Every mutable view exposes .shape, .ndim, .unsqueeze(dim),
.squeeze(dim), and .expand(*shape):
from neml2.types import SR2, R2
broadcast = SR2.fill(0.1, -0.05, -0.05, 0, 0, 0).dynamic_batch.expand(20)
print("dynamic_batch.expand(20) ->", tuple(broadcast.data.shape))
tr = R2.identity().base.transpose(-2, -1)
print("base.transpose(-2, -1) ->", tuple(tr.data.shape))
dynamic_batch.expand(20) -> (20, 6)
base.transpose(-2, -1) -> (3, 3)
Why t.batch can’t be reshaped¶
t.batch spans both batch regions at once, so a shape-changing op on it
would be ambiguous: should a new axis land in the dynamic region or the
sub-batch region? Rather than guess, those ops raise and tell you which
view to pick:
try:
SR2.zeros(3).batch.unsqueeze(-1)
except TypeError as err:
print(err)
batch.unsqueeze is ambiguous; use t.dynamic_batch.unsqueeze(...) or t.sub_batch.unsqueeze(...)

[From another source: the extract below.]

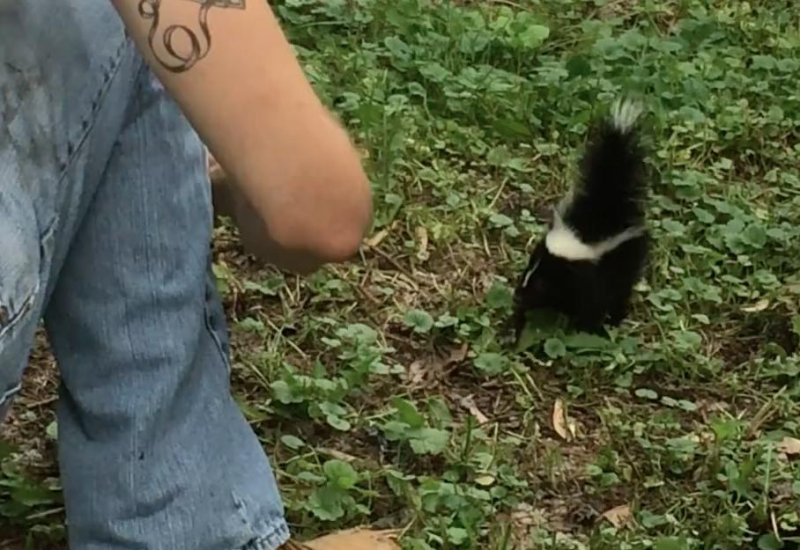 Baby skunk escapes animal tracker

Sub-batch-only operations¶
The sub-batch view carries a few extra ops for building and collapsing
per-site structure — retag(n) / flatten() to change how many
trailing axes count as sub-batch, expand_at(size) to broadcast in a
new site axis, and diagonalize() to turn a per-site vector into a
per-site diagonal:
import torch
from neml2.types import Scalar
s = Scalar(torch.randn(5)).sub_batch.retag(1)
print("expand_at(3) ->", tuple(s.sub_batch.expand_at(3).data.shape))

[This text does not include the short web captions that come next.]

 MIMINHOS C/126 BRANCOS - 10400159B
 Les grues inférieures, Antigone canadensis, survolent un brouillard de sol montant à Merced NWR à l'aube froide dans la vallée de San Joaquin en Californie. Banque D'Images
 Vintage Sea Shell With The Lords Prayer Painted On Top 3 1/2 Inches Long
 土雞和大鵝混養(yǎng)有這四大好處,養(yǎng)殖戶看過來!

print("diagonalize ->", tuple(s.sub_batch.diagonalize().data.shape))
print("flatten ndim ->", s.sub_batch.flatten().sub_batch_ndim)
expand_at(3) -> (3, 5)
diagonalize -> (5, 5)
flatten ndim -> 0
Disambiguating the free functions¶
This is where region views earn their keep. Reductions, concatenation,
and interpolation live as free functions in neml2.types, and they
take a region view instead of a dim= integer. The view tells the
function which region the axis index addresses — and lets it update the
wrapper’s metadata correctly (e.g. dropping sub_batch_ndim when a
sub-batch axis is reduced away).
sum, mean, and diff reduce or difference one region’s axis:
from neml2.types import sum, mean, diff, linspace, cat, stack
ramp = linspace(Scalar(300.0).sub_batch, Scalar(1200.0).sub_batch, 20)
print("ramp sub_batch_shape ->", tuple(ramp.sub_batch_shape))
total = sum(ramp.sub_batch, 0) # reduce the sub-batch axis
print("sum over sub_batch ->", tuple(total.data.shape), "sub_ndim", total.sub_batch_ndim)
avg = mean(ramp.sub_batch, 0)
print("mean over sub_batch ->", tuple(avg.data.shape))
delta = diff(ramp.sub_batch, n=1, dim=-1)
print("diff along sub_batch ->", tuple(delta.sub_batch_shape))
ramp sub_batch_shape -> (20,)
sum over sub_batch -> () sub_ndim 0
mean over sub_batch -> ()
diff along sub_batch -> (19,)
stack and cat combine along a region’s axis; the view fixes which
region grows:
from neml2.types import Vec
v0 = Vec.fill(6.0, 4.0, 0.0)
v1 = Vec.fill(8.0, 5.0, 0.0)
print("stack on dynamic_batch ->", tuple(stack([v0.dynamic_batch, v1.dynamic_batch]).data.shape))
a = Vec(torch.randn(2, 3))
b = Vec(torch.randn(3, 3))
print("cat on dynamic_batch ->", tuple(cat([a.dynamic_batch, b.dynamic_batch], dim=0).data.shape))
stack on dynamic_batch -> (2, 3)
cat on dynamic_batch -> (5, 3)
And linspace / logspace build a ramp along whichever region you pass
the endpoints as — the single v3 spelling that replaces v2’s separate
dynamic_linspace / intmd_linspace / base_linspace:
dyn = linspace(Scalar(0.0).dynamic_batch, Scalar(1.0).dynamic_batch, 5)
print("endpoints as .dynamic_batch -> new dynamic axis ", tuple(dyn.dynamic_batch_shape))
sub = linspace(Scalar(0.0).sub_batch, Scalar(1.0).sub_batch, 5)
print("endpoints as .sub_batch -> new sub-batch axis", tuple(sub.sub_batch_shape))
endpoints as .dynamic_batch -> new dynamic axis (5,)
endpoints as .sub_batch -> new sub-batch axis (5,)
See also¶
Indexing — region-scoped indexing follows the same view convention.
Tensor shape regions — the regions these views select.